I sometimes wonder where I go during chemo weeks. It as if I myself, my soul, gets transported somewhere else and my body just simply takes over. It’s not me who is there at the hospital and post-treatment: it’s just my body.
It’s as if my chemotherapy is my Jekyll-Hyde potion, chemotherapy transforming my mind, my state into someone else. (When will I come back?)
A quick review for you and for myself of the past week of chemotherapy. (I must work harder to recall things these days.)
It was the week of brothers: Joel, Skylor, and Daniel.
On Monday, Joel and I rejoiced over him being done with chemo within a week.
On Tuesday, Skylor and I rejoiced over him being done with chemo within a month.
On Wednesday, Daniel and I rejoiced over him reconnecting and seeing past nurses and doctors, for he has been done with chemo for quite some time.

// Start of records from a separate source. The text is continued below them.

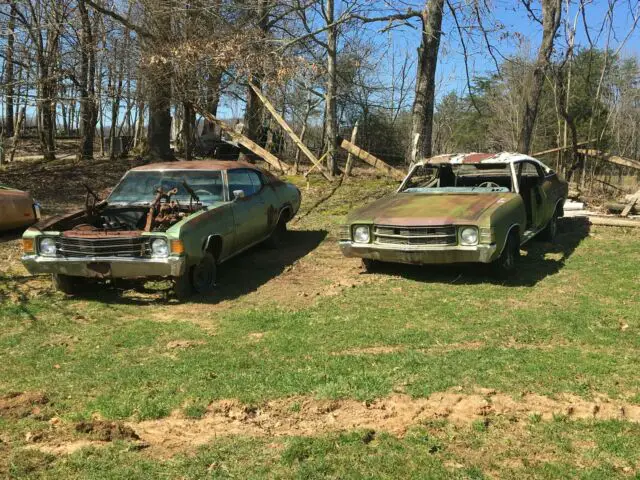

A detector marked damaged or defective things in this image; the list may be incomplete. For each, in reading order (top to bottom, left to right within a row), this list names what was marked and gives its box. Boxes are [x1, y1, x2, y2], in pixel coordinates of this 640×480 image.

rusty car [0, 184, 40, 232]
rusty car [20, 160, 300, 296]
rust patch on hood [350, 192, 516, 226]
rusty car [342, 153, 568, 274]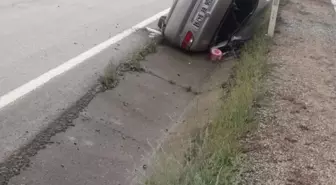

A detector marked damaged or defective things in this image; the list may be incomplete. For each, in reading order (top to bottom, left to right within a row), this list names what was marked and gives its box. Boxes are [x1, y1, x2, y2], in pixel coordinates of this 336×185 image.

overturned vehicle [158, 0, 270, 51]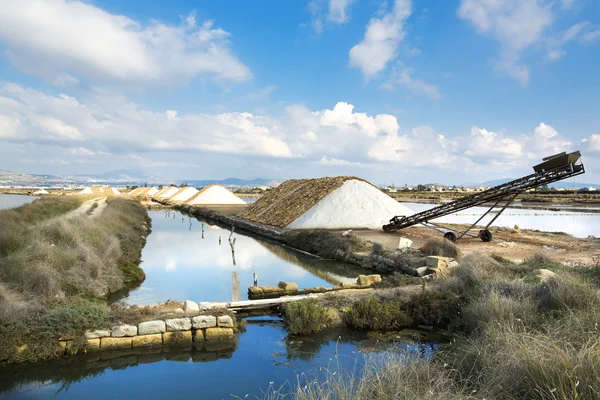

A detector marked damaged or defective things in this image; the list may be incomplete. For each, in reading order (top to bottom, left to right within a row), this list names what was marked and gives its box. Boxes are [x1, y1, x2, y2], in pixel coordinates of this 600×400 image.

rusty equipment [384, 152, 584, 242]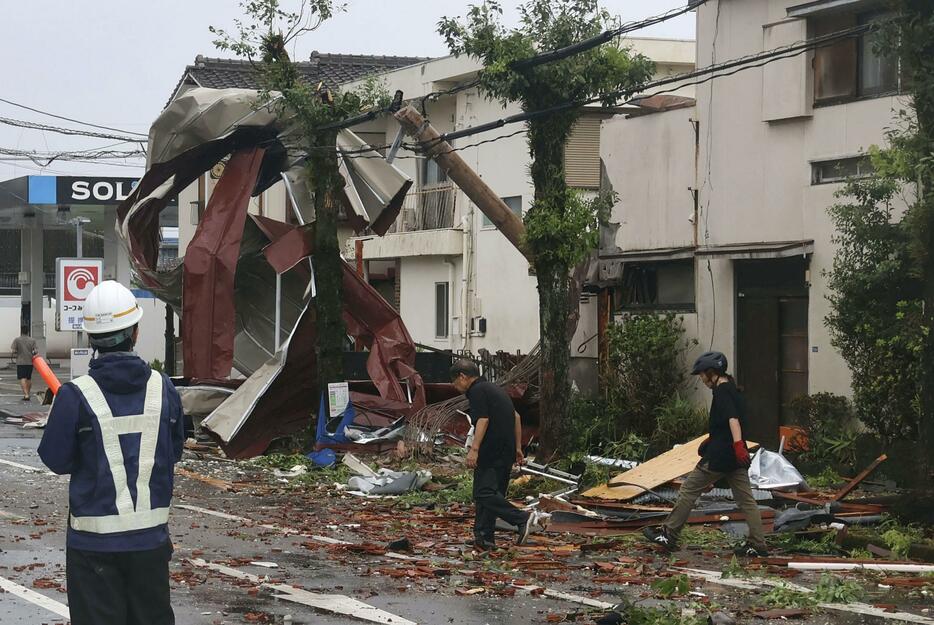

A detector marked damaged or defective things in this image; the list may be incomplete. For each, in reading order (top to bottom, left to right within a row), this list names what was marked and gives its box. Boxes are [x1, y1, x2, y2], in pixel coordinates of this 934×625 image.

damaged roof [169, 52, 432, 108]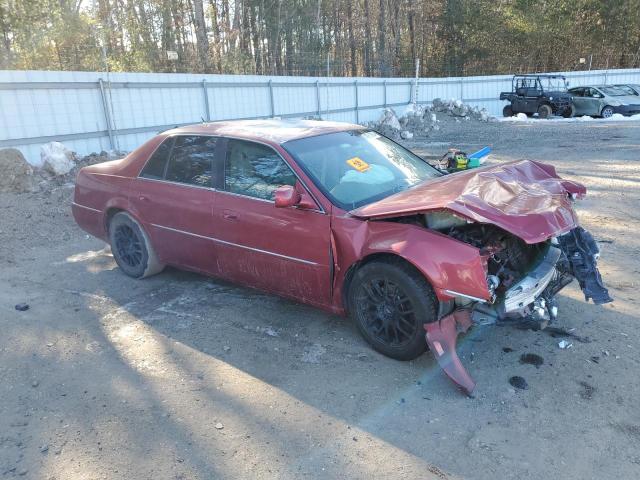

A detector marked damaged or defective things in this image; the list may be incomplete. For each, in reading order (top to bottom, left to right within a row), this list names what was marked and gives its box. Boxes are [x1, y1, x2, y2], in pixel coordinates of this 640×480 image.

damaged red sedan [74, 120, 608, 394]
crumpled hood [350, 160, 584, 244]
broken headlight area [424, 223, 608, 396]
detached bumper piece [556, 228, 612, 304]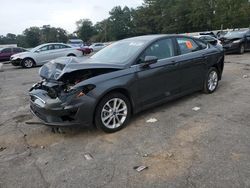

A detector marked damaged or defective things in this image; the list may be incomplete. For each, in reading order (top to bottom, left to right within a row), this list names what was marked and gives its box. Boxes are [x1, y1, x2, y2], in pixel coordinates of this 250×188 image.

bent hood [39, 55, 125, 81]
damaged black sedan [29, 34, 225, 133]
crumpled front bumper [29, 88, 95, 127]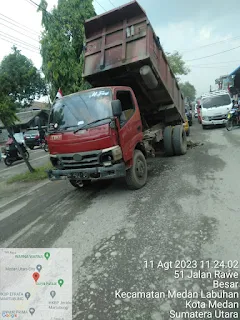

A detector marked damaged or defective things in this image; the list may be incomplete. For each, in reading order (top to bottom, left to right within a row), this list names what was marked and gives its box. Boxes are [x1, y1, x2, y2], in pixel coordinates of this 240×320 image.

I always wanted brothers. And indeed we are genetically related: our abnormal cancer cells mirror one anothers. These cells are the reason we connect, we relate. We are indeed related: Survivorship is our last name.
Recall His words, promise, challenge:
29 “Truly I tell you,” Jesus replied, “no one who has left home or brothers or sisters or mother or father or children or fields for me and the gospel 30 will fail to receive a hundred times as much in this present age: homes, brothers, sisters, mothers, children and fields—along with persecutions—and in the age to come eternal life.
Oh yes, I can attest to this, yes! His words are true.
Thursday, day 64, was black.
I sleep deeply all day.
Friday, day 65, was gray.
Fatique of the week, of receiving chemo every 24-hours consistently for 5 days straight, is now weighing on my body. Chemotherapy’s hand pushes back on me, on my body, on my brain. Yes, it is so physical in nature. I can feel chemo-hand’s pressure on me, on my lungs, on wrists. on my ankles, holding me down to the hospital bed. I can only give in.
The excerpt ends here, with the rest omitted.